DJIA Suffers Worst May Performance in 70 Years News out of Spain helped propel U.S. stocks higher on Thursday, as traders cheered the government's approval of new austerity measures. However, the jubilation was short-lived -- bright and early this morning, Fitch Ratings slashed Spain's long-term foreign and local currency issuer default ratings to "AA+" from "AAA." In a note accompanying the downgrade, Fitch pointed to "Spain's unemployment rate, the legacy of its construction boom, and its high level of indebtedness" as near-term concerns, and also cited "the risk that economic growth will fall short of the government's projections." With this negative note effectively negating any newfound confidence in the euro zone's economy, stocks finished the month of May with a resounding thud. Meanwhile, on the home front, disappointing reports on consumer spending and Chicago-area business activity only served to exacerbate the bleak mood. In fact, the Dow Jones Industrial Average tumbled 7.9% for the month, marking its worst May performance since 1940.
By the close, the Dow Jones Industrial Average (DJIA – 10,136.63) was sitting on a deficit of 122.4 points, or 1.2%. Only three of the Dow's 30 components muscled higher today: Coca-Cola (KO), Merck (MRK), and Procter & Gamble (PG). Meanwhile, Walt Disney (DIS) and Bank of America (BAC) paced the 27 decliners.
The S&P 500 Index (SPX – 1,089.41) didn't fare much better, ending the day on a dip of 13.7 points, or 1.2%. The SPX quickly surrendered its footing above its 10-day moving average, and mimicked the Dow by breaching its 10-month trendline for the first time since May 2009.
Finally, the Nasdaq Composite (COMP – 2,257.04) outperformed both its peers.
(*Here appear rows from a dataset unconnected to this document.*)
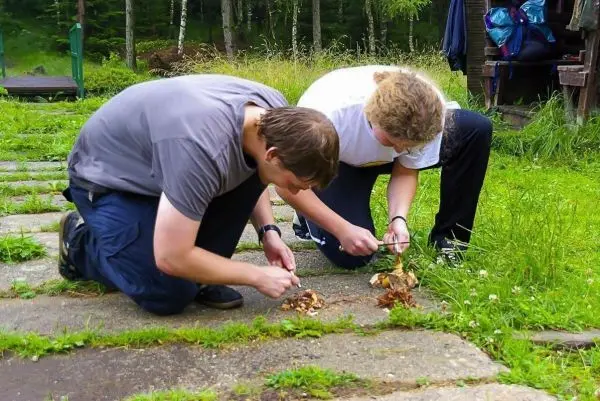Zwei Personen knien auf dem Boden und bearbeiten Zunder mit einem Messer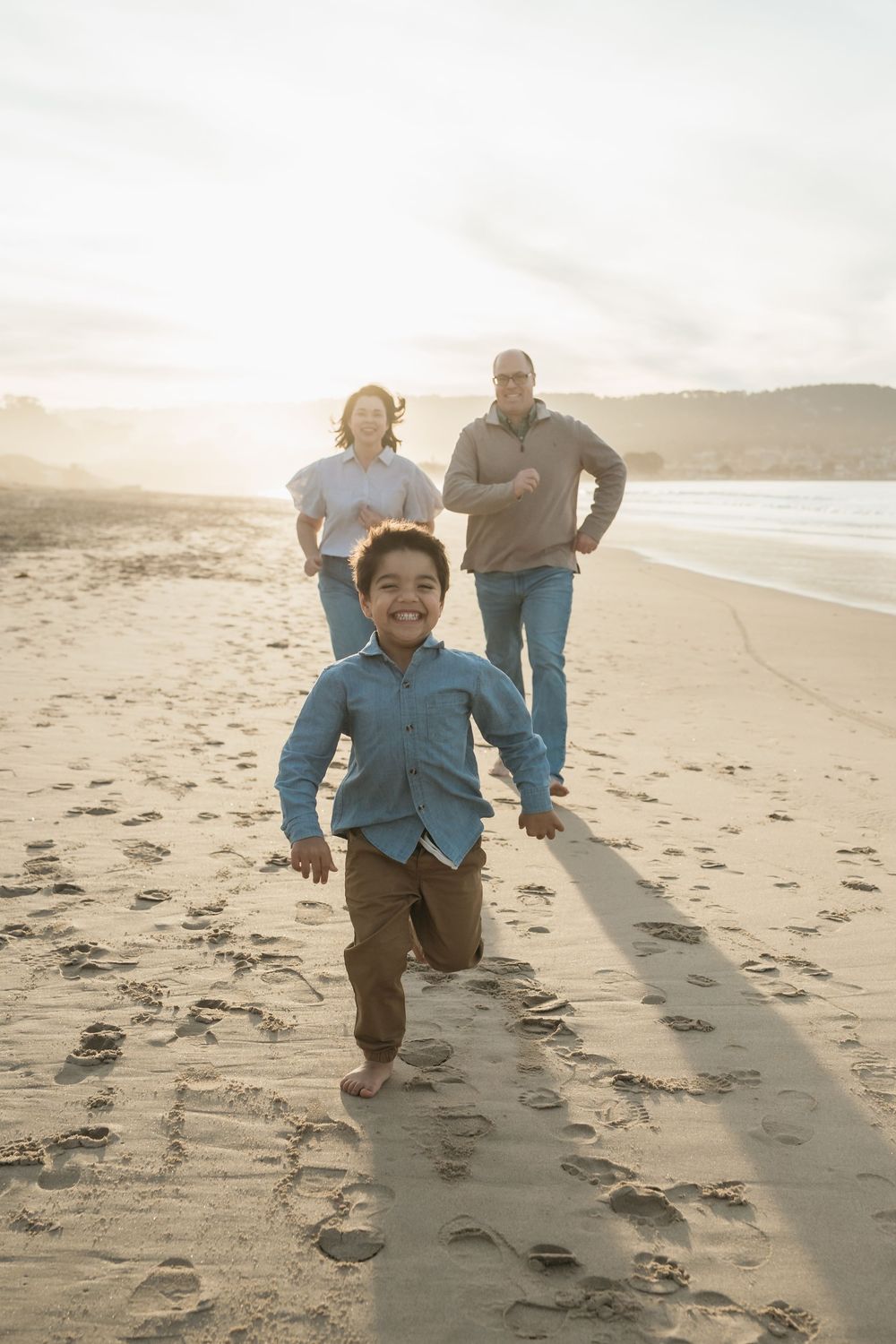 Family enjoying a sunset beach walk while a child runs playfully ahead on the sand.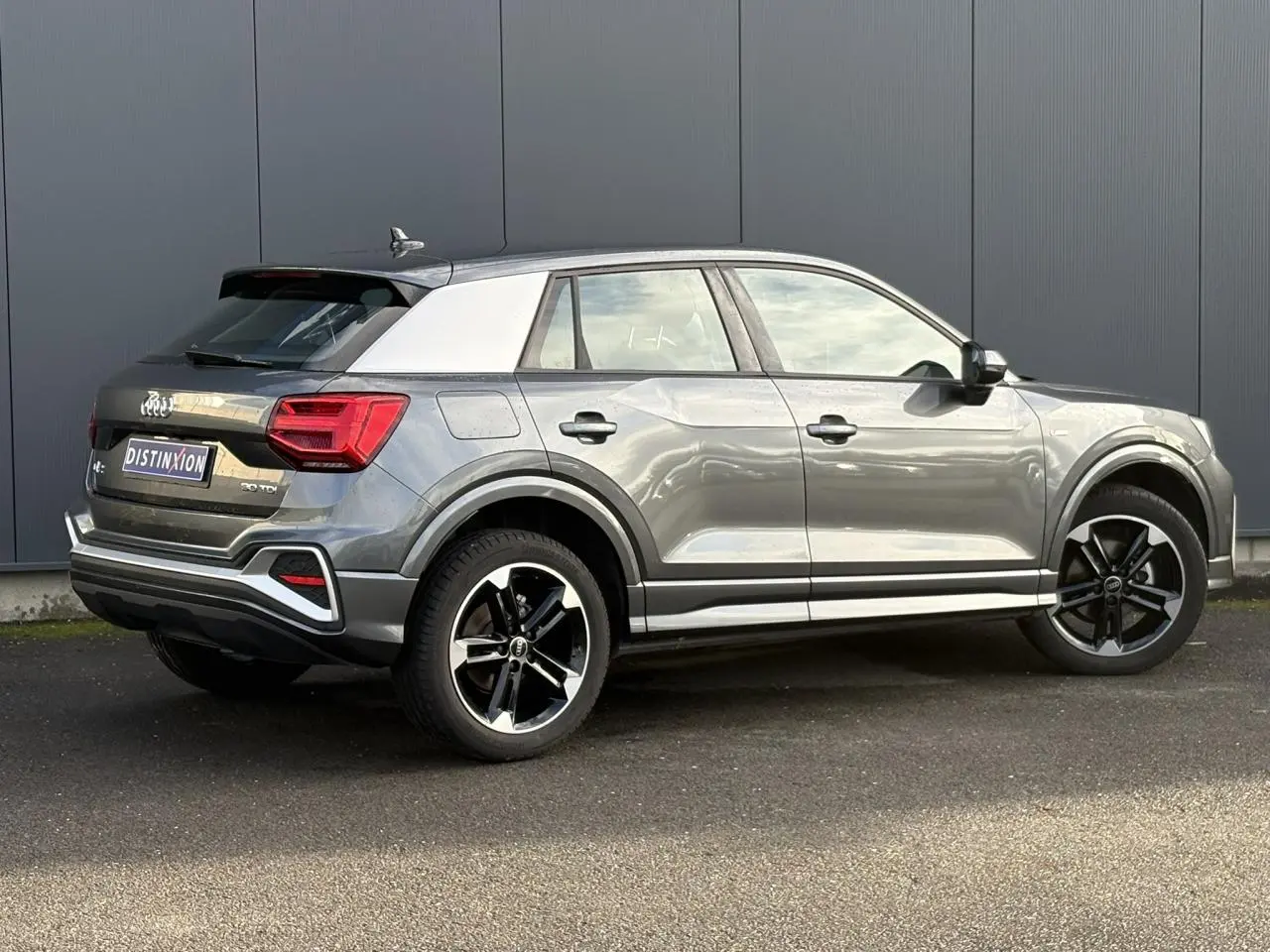 Audi Q2 30 TDI S-Line gris Daytona vue 3/4 arrière droit, avec toit contrasté blanc et jantes Audi Sport 5 branches.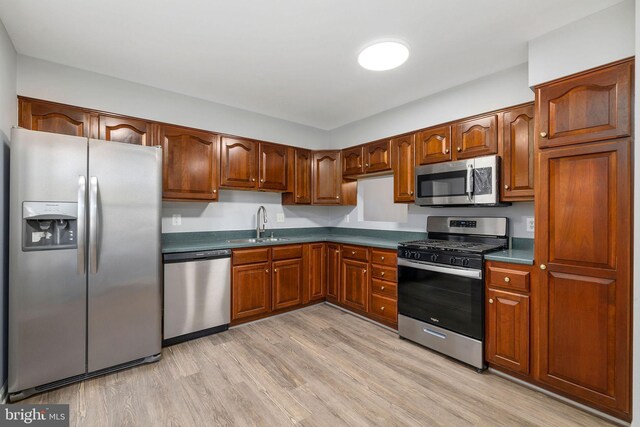 kitchen featuring dark countertops, light wood-type flooring, appliances with stainless steel finishes, and a sink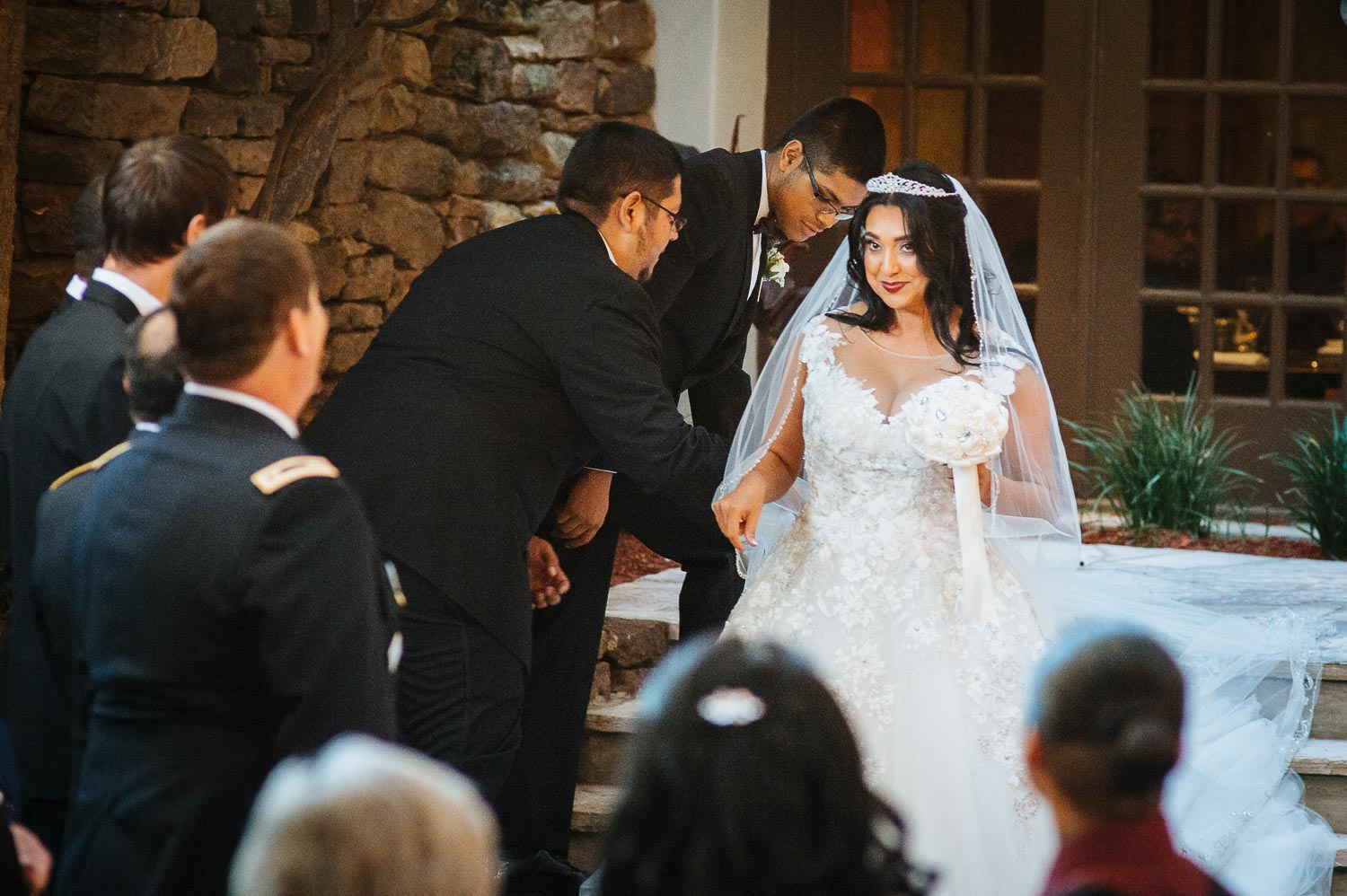 The look on the brides face of happiness as she views the groom at Omni La Mansion Riverwalk hotel in San Antonio Texas during a fall wedding 2019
The tech-rich index shed 20.6 points today, or 0.9%, but it's still positioned above both its 10-day and 10-month moving averages.
The Dow shed just 0.6% for the week, but couldn't erase its monthly loss of nearly 8%. Following weeks of turbulent trading, the Dow suffered a monthly finish below its 10-month moving average for the first time since June 2009.
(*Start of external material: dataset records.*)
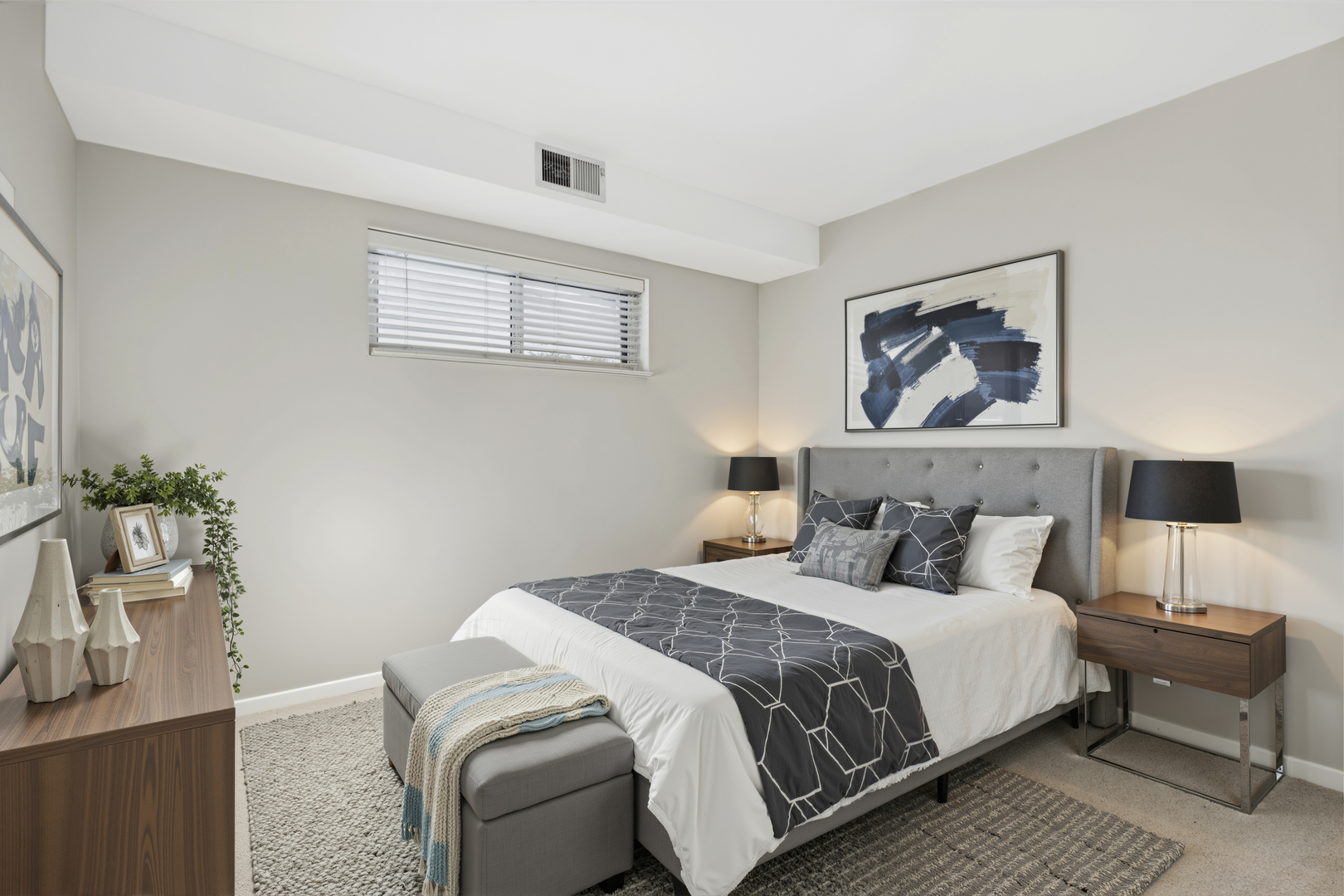 7320 Lake Street, Unit 1A River Forest, IL 60305 - Photo 5 of 22 a bedroom with a bed and a painting on the wall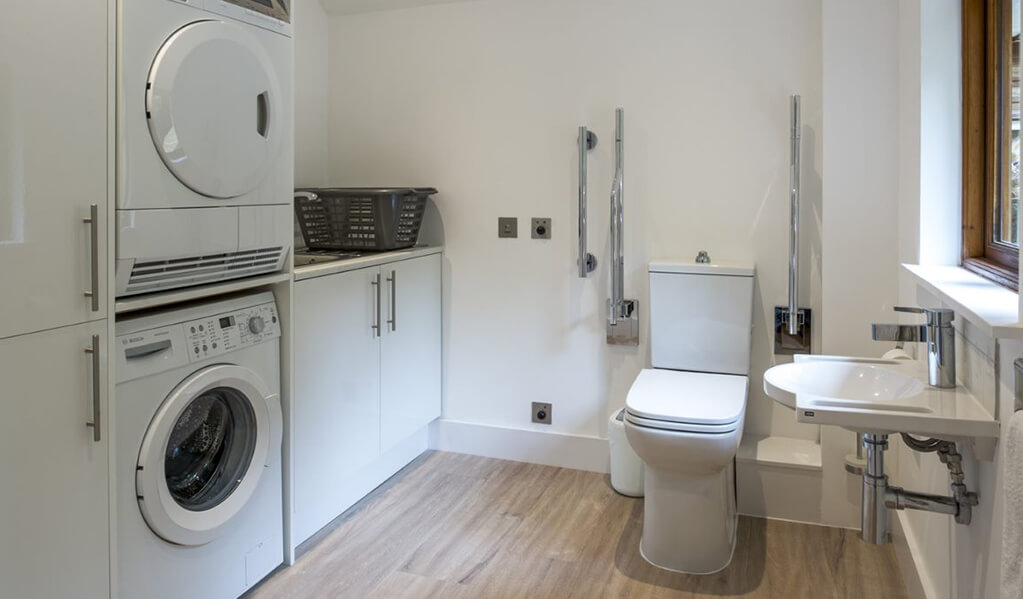 Utility room with white washing machine and dryer, an accessible modern toilet with chrome finished grabrails. 
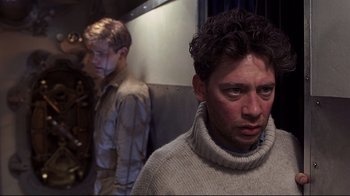 Movie still from “Below” (2002), directed by David Twohy – A man in a white sweater standing next to another man in a white sweater; Close Up shot, Over the shoulder angle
The SPX gained 0.2% for the week, but gave up 8.2% for the month.
The COMP wrapped up the week on a gain of 1.3%, but swallowed a monthly drop of 8.3%.
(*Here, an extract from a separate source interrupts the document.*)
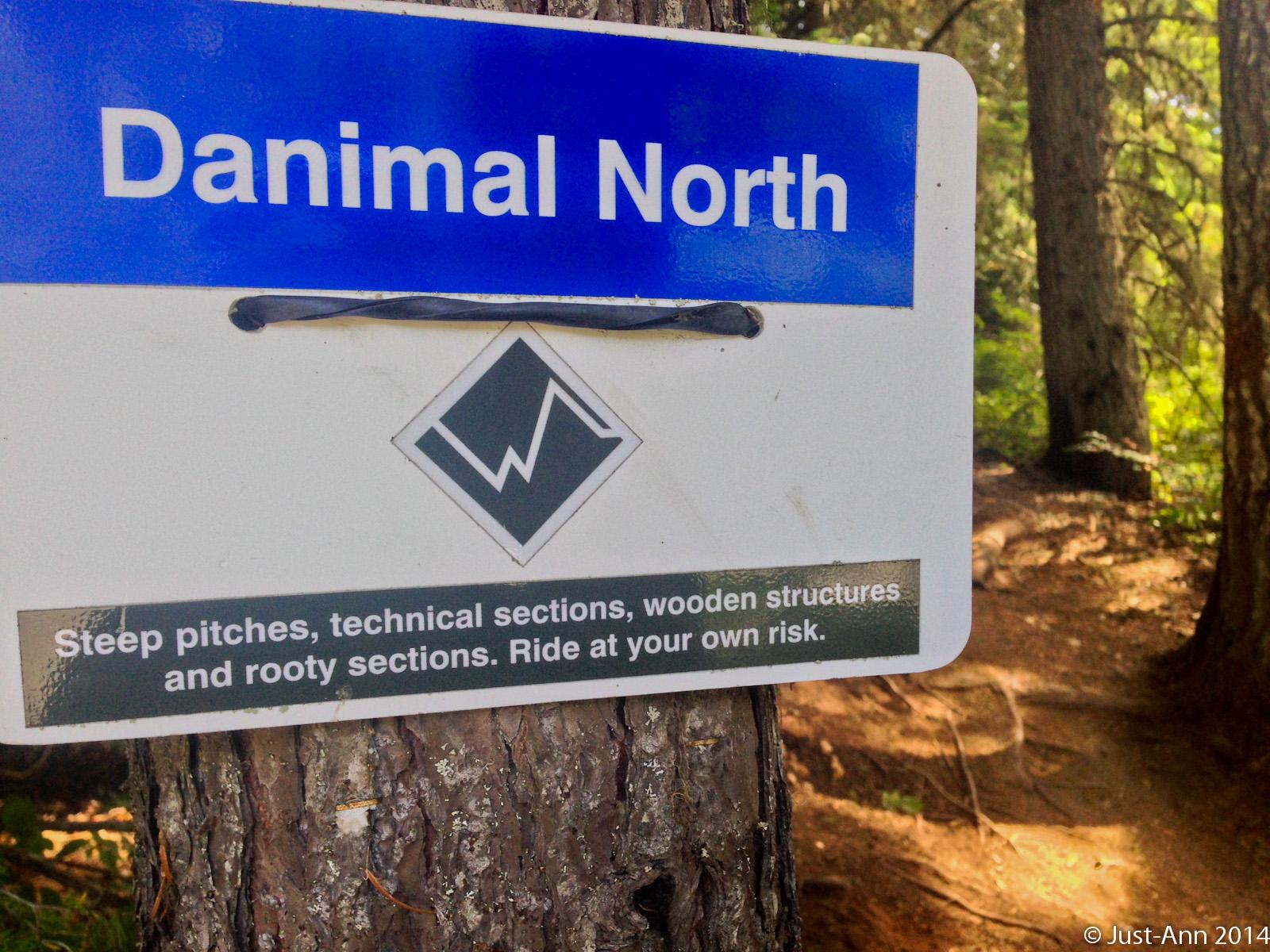A sign indicating the "Danimal North" trail, featuring a warning about the trail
Crude futures fell in sympathy with stocks today, as Fitch's downgrade of Spain put a damper on Wall Street's appetite for risk. As traders fled stocks and oil in favor of safe-haven investments, crude quickly erased its early gains.
However, July-dated crude wrapped up the session on a relatively modest loss of 58 cents, or 0.8%, at $73.97 per barrel.
The front-month contract added 5.6% for the week, but persistent macroeconomic concerns helped push black gold to its steepest monthly drop since December 2008, ending the month of May on a deficit of 14.1%.